O Aché é uma empresa brasileira com 55 anos de presença no mercado farmacêutico. Os produtos Aché alcançaram novos mercados por meio de acordos de licenciamento que hoje abrangem 21 países da América Latina, África, Ásia e Europa. O Aché colaborou com sua experiência com a InovafitoBrasil.

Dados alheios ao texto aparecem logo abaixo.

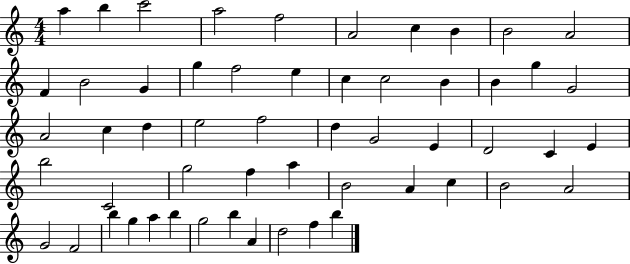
{
  \clef treble
  \numericTimeSignature
  \time 4/4
  \key c \major
  a''4 b''4 c'''2 | a''2 f''2 | a'2 c''4 b'4 | b'2 a'2 | \break f'4 b'2 g'4 | g''4 f''2 e''4 | c''4 c''2 b'4 | b'4 g''4 g'2 | \break a'2 c''4 d''4 | e''2 f''2 | d''4 g'2 e'4 | d'2 c'4 e'4 | \break b''2 c'2 | g''2 f''4 a''4 | b'2 a'4 c''4 | b'2 a'2 | \break g'2 f'2 | b''4 g''4 a''4 b''4 | g''2 b''4 a'4 | d''2 f''4 b''4 | \break \bar "|."
}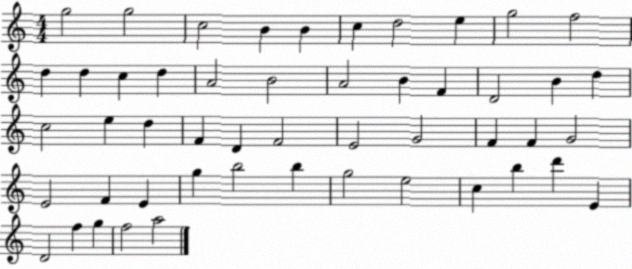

“A plataforma InovafitoBrasil será um grande marco, não só para a indústria farmacêutica, mas também para os pesquisadores que realizam P&D a partir da biodiversidade brasileira. Por meio da metodologia revisada do TRL, a plataforma ajudará os pesquisadores a entender as fases do desenvolvimento da pesquisa, orientando-os para as próximas etapas e apoiando-os a tornar o projeto mais atraente em pitches para a indústria e investidores. O Aché vê com bons olhos a iniciativa e, por isso, apoiamos sua estruturação trazendo o ponto de vista do setor. O lançamento do Acheflan (pelo Aché) em 2006 foi uma iniciativa pioneira por ser o primeiro fitoterápico 100% desenvolvido no país. Hoje, o Acheflan é comercializado em mais de vinte países através de parcerias licenciadas. Além do Acheflan, o Aché tem outros sete projetos em desenvolvimento ordenando ativos da biodiversidade. A mais avançada delas está na Fase Clínica 2, a penúltima antes do pedido de registro global do produto. Ou seja, nas últimas duas décadas, o Aché acumulou uma boa expertise no desenvolvimento de fitoterápicos. Portanto, contribuímos com a plataforma a partir dessa experiência de desenvolvimento industrial, demonstrando as dificuldades e os principais pontos de atenção nas etapas de desenvolvimento, de forma a facilitar esse processo para os pesquisadores.”